Scientists have found that older people currently retain more youthful abilities than people who were the same age did in previous decades [1].

How miserable are we?

Recent decades have seen leaps in average life expectancy. However, those mostly stem from successes in curbing childhood mortality and infectious diseases. The gains in later life have been more modest, despite all the advances modern medicine has made. Moreover, some research suggests that while people live longer on average, they also spend an increasingly bigger part of their lives with chronic diseases – in other words, increases in lifespan do not translate into longer healthspan [2].

However, some evidence contradicts the idea that we’re just being kept alive for longer in a miserable, disabled state. A new study by an impressive team of scientists from Columbia University, University of New South Wales, World Health Organization, and University College London seems to suggest otherwise. This study is currently published as a preprint and is under review by Nature.

Big differences, especially in cognition

The researchers utilized two large cohort studies from the UK and China: the English Longitudinal Study on Ageing (ELSA) and the China Health and Retirement Longitudinal Study (CHARLS). Both studies have collected massive amounts of health data on participants from different age cohorts.

While most studies in this field have focused on the burden of disease or severe disability, the researchers constructed instead a composite index of intrinsic capacity, “comprising subdomains of cognitive, locomotor, sensory and psychological capacity and a further subdomain labelled vitality, which may represent underlying age-related biological changes and energy balance.”

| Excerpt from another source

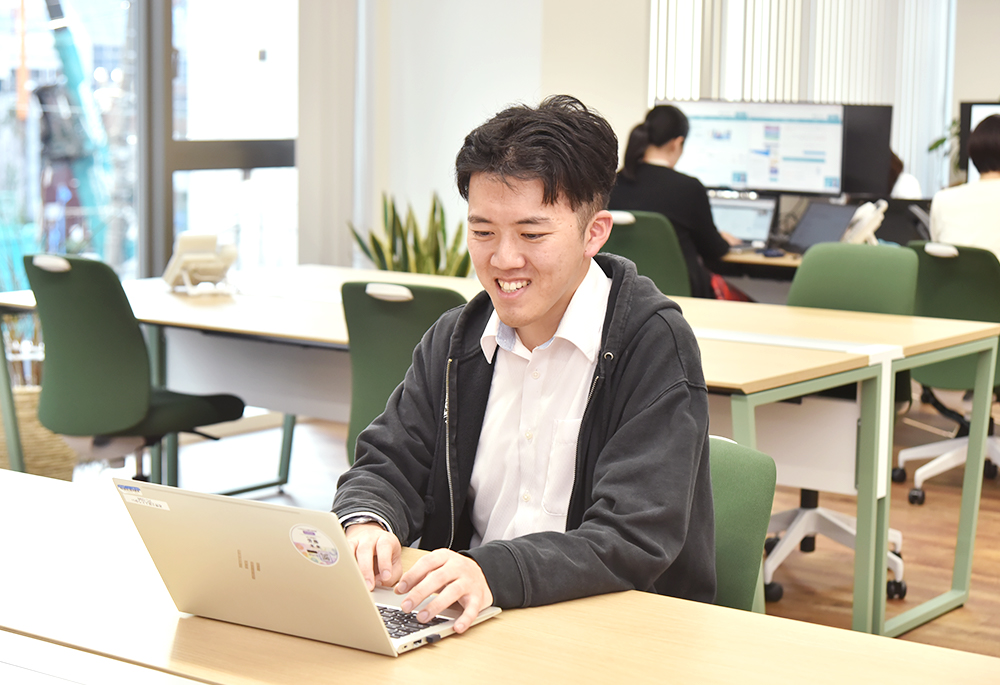チャット等でやり取りをしている様子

What they found was that more recent cohorts had much higher levels of intrinsic capacity at the same age. This capacity expectedly declined with time, but the rate of decline was attenuated in more recent cohorts, suggesting slower aging.

The cohort studies from which this data was derived had not run long enough to directly compare distant cohorts: for instance, it was impossible to directly compare the intrinsic capacities of the 1950 (year of birth) cohort and of the 1930 cohort at the same ages.

Where such direct comparisons were possible, they produced hope-inspiring results. For instance, in ELSA, the intrinsic capacity of the 1950 cohort at age 68 was significantly higher than that of the 1940 cohort at age 62. As the researchers note, this comes close enough to validating the popular saying “70 is the new 60.”

The biggest improvements were between the most recent (1950) cohort and the 1940 cohort. “If these directly observed trends were extrapolated to compare the earliest with the most recent cohort,” the authors write, “the improvements would be significantly greater than those we could observe directly.” Among individual metrics, the largest improvement was in cognition.

Whether those trends are equally valid for both sexes remains a question, as the researchers were unable to perform direct cross-gender comparisons. However, within-gender trajectories were largely similar to those found in the overall analyses.

Does this square with previous research?

The researchers admit that interpreting their results is hard due to the numerous factors at play and that those results seem to contradict previous research, which has found that increases in longevity are accompanied by increased prevalence of chronic conditions in older age. The authors then hypothesize at length about possible reasons for that.

For instance, they suggest that the increased prevalence of chronic diseases at a certain age “is likely driven, at least in part, by people who would have previously died from a condition such as heart disease now surviving into older ages.” Not only is modern medicine increasingly better at keeping people with chronic conditions alive, but it can often ensure a reasonably full, active life.

Thus, today, the same disease can be less debilitating than a decade or two ago. There have also been improvements in detection: some chronic diseases that are routinely diagnosed today might have been overlooked more often in the past, creating an impression of lower disease burden.

Variance of measures used across different studies and periods might also be a factor. For example, the researchers note, a common question used to determine the burden of disability is how easy it is for the respondent to use a phone. However, phones today are very different from phones 20 years ago, and using them requires different abilities.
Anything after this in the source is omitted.